Action item:
The full listing, reproduced exactly, is what the response must contain.

--

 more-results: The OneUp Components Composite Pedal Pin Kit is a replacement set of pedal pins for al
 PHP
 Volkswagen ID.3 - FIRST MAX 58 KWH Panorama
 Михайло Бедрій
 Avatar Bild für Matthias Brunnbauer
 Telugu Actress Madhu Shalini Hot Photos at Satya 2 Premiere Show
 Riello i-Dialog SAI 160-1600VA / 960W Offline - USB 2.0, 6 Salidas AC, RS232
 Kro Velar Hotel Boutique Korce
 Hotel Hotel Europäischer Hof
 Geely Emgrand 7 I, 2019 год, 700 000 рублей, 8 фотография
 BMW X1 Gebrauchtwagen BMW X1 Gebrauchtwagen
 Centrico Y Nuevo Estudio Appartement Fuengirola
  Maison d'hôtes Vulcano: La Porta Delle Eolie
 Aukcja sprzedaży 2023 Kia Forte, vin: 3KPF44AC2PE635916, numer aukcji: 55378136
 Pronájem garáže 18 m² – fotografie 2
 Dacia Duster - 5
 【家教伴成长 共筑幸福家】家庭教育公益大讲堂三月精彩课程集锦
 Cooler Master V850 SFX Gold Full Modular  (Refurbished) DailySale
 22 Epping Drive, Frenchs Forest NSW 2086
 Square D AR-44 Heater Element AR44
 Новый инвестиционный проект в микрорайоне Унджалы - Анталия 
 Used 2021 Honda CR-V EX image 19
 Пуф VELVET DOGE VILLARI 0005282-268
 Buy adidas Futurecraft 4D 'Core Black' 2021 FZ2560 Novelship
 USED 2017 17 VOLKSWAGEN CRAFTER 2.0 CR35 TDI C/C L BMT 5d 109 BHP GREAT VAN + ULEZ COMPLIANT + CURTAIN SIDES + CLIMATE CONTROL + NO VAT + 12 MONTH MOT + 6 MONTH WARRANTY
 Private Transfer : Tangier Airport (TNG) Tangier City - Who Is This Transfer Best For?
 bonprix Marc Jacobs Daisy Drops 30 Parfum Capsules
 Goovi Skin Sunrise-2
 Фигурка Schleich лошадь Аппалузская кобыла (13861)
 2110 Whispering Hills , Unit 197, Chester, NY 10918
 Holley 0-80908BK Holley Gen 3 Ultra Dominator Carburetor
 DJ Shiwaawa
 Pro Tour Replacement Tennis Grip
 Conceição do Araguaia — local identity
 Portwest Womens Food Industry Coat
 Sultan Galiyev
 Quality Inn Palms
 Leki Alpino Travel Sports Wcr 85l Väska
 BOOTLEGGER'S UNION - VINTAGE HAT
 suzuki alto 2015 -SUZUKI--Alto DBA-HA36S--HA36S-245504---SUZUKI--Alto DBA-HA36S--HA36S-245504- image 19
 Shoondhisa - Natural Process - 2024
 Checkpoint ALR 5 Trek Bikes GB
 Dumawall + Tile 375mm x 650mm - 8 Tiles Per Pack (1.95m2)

--

Answer:
 more-results: The OneUp Components Composite Pedal Pin Kit is a replacement set of pedal pins for al
 PHP
 Volkswagen ID.3 - FIRST MAX 58 KWH Panorama
 Михайло Бедрій
 Avatar Bild für Matthias Brunnbauer
 Telugu Actress Madhu Shalini Hot Photos at Satya 2 Premiere Show
 Riello i-Dialog SAI 160-1600VA / 960W Offline - USB 2.0, 6 Salidas AC, RS232
 Kro Velar Hotel Boutique Korce
 Hotel Hotel Europäischer Hof
 Geely Emgrand 7 I, 2019 год, 700 000 рублей, 8 фотография
 BMW X1 Gebrauchtwagen BMW X1 Gebrauchtwagen
 Centrico Y Nuevo Estudio Appartement Fuengirola
  Maison d'hôtes Vulcano: La Porta Delle Eolie
 Aukcja sprzedaży 2023 Kia Forte, vin: 3KPF44AC2PE635916, numer aukcji: 55378136
 Pronájem garáže 18 m² – fotografie 2
 Dacia Duster - 5
 【家教伴成长 共筑幸福家】家庭教育公益大讲堂三月精彩课程集锦
 Cooler Master V850 SFX Gold Full Modular  (Refurbished) DailySale
 22 Epping Drive, Frenchs Forest NSW 2086
 Square D AR-44 Heater Element AR44
 Новый инвестиционный проект в микрорайоне Унджалы - Анталия 
 Used 2021 Honda CR-V EX image 19
 Пуф VELVET DOGE VILLARI 0005282-268
 Buy adidas Futurecraft 4D 'Core Black' 2021 FZ2560 Novelship
 USED 2017 17 VOLKSWAGEN CRAFTER 2.0 CR35 TDI C/C L BMT 5d 109 BHP GREAT VAN + ULEZ COMPLIANT + CURTAIN SIDES + CLIMATE CONTROL + NO VAT + 12 MONTH MOT + 6 MONTH WARRANTY
 Private Transfer : Tangier Airport (TNG) Tangier City - Who Is This Transfer Best For?
 bonprix Marc Jacobs Daisy Drops 30 Parfum Capsules
 Goovi Skin Sunrise-2
 Фигурка Schleich лошадь Аппалузская кобыла (13861)
 2110 Whispering Hills , Unit 197, Chester, NY 10918
 Holley 0-80908BK Holley Gen 3 Ultra Dominator Carburetor
 DJ Shiwaawa
 Pro Tour Replacement Tennis Grip
 Conceição do Araguaia — local identity
 Portwest Womens Food Industry Coat
 Sultan Galiyev
 Quality Inn Palms
 Leki Alpino Travel Sports Wcr 85l Väska
 BOOTLEGGER'S UNION - VINTAGE HAT
 suzuki alto 2015 -SUZUKI--Alto DBA-HA36S--HA36S-245504---SUZUKI--Alto DBA-HA36S--HA36S-245504- image 19
 Shoondhisa - Natural Process - 2024
 Checkpoint ALR 5 Trek Bikes GB
 Dumawall + Tile 375mm x 650mm - 8 Tiles Per Pack (1.95m2)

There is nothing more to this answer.